К этой же категории героев относятся и «падшие женщины». Русская литература по — новому подходит к этой теме: писатели не только рассказывают о судьбе женщины, которую жизнь толкнула на путь проституции, но и раскрывают переживания впечатлительного и чуткого мужчины, сумевшего разглядеть в «падшей» страдающую, несчастную личность («Происшествие» и «Надежда Николаевна» Гаршина). В чеховском рассказе «Припадок» (1888), посвященном памяти Гаршина, также звучит мотив совестливого отношения интеллигентного человека к «падшей». Названные сюжеты в известном смысле подготовили появление романа Толстого «Воскресение» (1899).

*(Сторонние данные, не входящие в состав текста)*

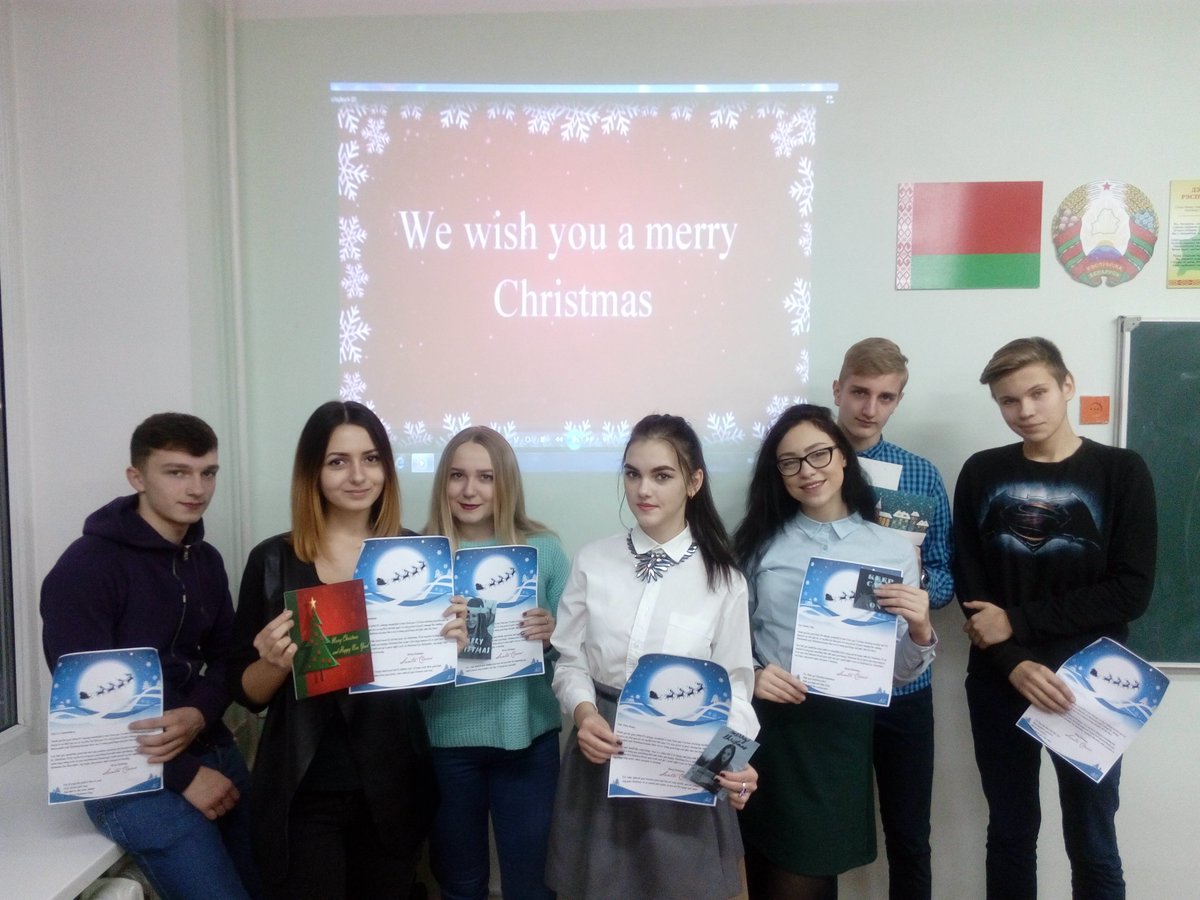 Mirracle20's tweet photo. Wonderful carols with awesome pupils,tnanks for your cards and wishes! https://t.co/q4WM8OPJBQ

Проникновение литературы в «необследованные уголки» русской жизни, обращение к новым темам и образам тесно связаны с изменением, перестройки старых и освоением новых художественных форм. Эта эпоха отличается исключительным многообразием повествовательных жанров.
После «Братьев Карамазовых» русская литература не знала шедевров в области романа почти двадцать лет — до появления «Воскресения». Подлинные художественные ценности в эти годы создавали писатели, обратившиеся к малым и средним повествовательным формам. Такая перестройка жанровой системы отвечала эстетическим запросам времени. На них чутко прореагировали прежде всего сами великие романисты. Тургенев, писавший рассказы и повести и прежде, в последние годы жизни работал только над небольшими произведениями. Сознательность обращения к лаконической прозе засвидетельствована его программным произведением, выполненным в новой для писателя форме, — «Стихотворениями в прозе».
«Стихотворения в прозе» были не только завещанием Тургенева, писателя и человека, гражданина и мыслителя; они отразили — что особенно важно для понимания вклада Тургенева в искусство рассматриваемого времени — по крайней мере две эстетические потребности эпохи: тягу к емкости и краткости прозы и тоску по настоящей стихотворной поэзии.
Стремится к краткости и поздний Толстой. В его социально — психологических повестях 80–90‑х годов, в народных рассказах — несмотря на разницу в тематике этих произведений и на несхожесть героев — одна общая черта: «сжатость, сосредоточенность» (слова Р. Роллана о «Смерти Ивана Ильича» и «Крейцеровой сонате») на главной идее — на нравственной драме героя, на обличении социального неравенства, на проповеди гуманности в отношениях между людьми, народные рассказы в повествовательном творчестве Толстого играли роль миниатюр, каждая из которых, подобно тургеневским «Стихотворениям в прозе», представляет собой художественное выражение одной мысли, с той разницей, что у Толстого в этом жанре преобладает дидактическое начало, у Тургенева — лирическое и философское.
Третий романист, почувствовавший на рубеже 70–80‑х годов новые эстетические запросы к прозе, — Достоевский. Его романы по необычайной концентрации драматических переживаний героев в минимальное художественное время (обычно более естественное даже не для повести, а для рассказа) предвосхитили тот охват в повести и рассказе большого отрезка времени, казалось бы, более уместного в романе, — целую человеческую жизнь, — который был утвержден в прозе Чехова.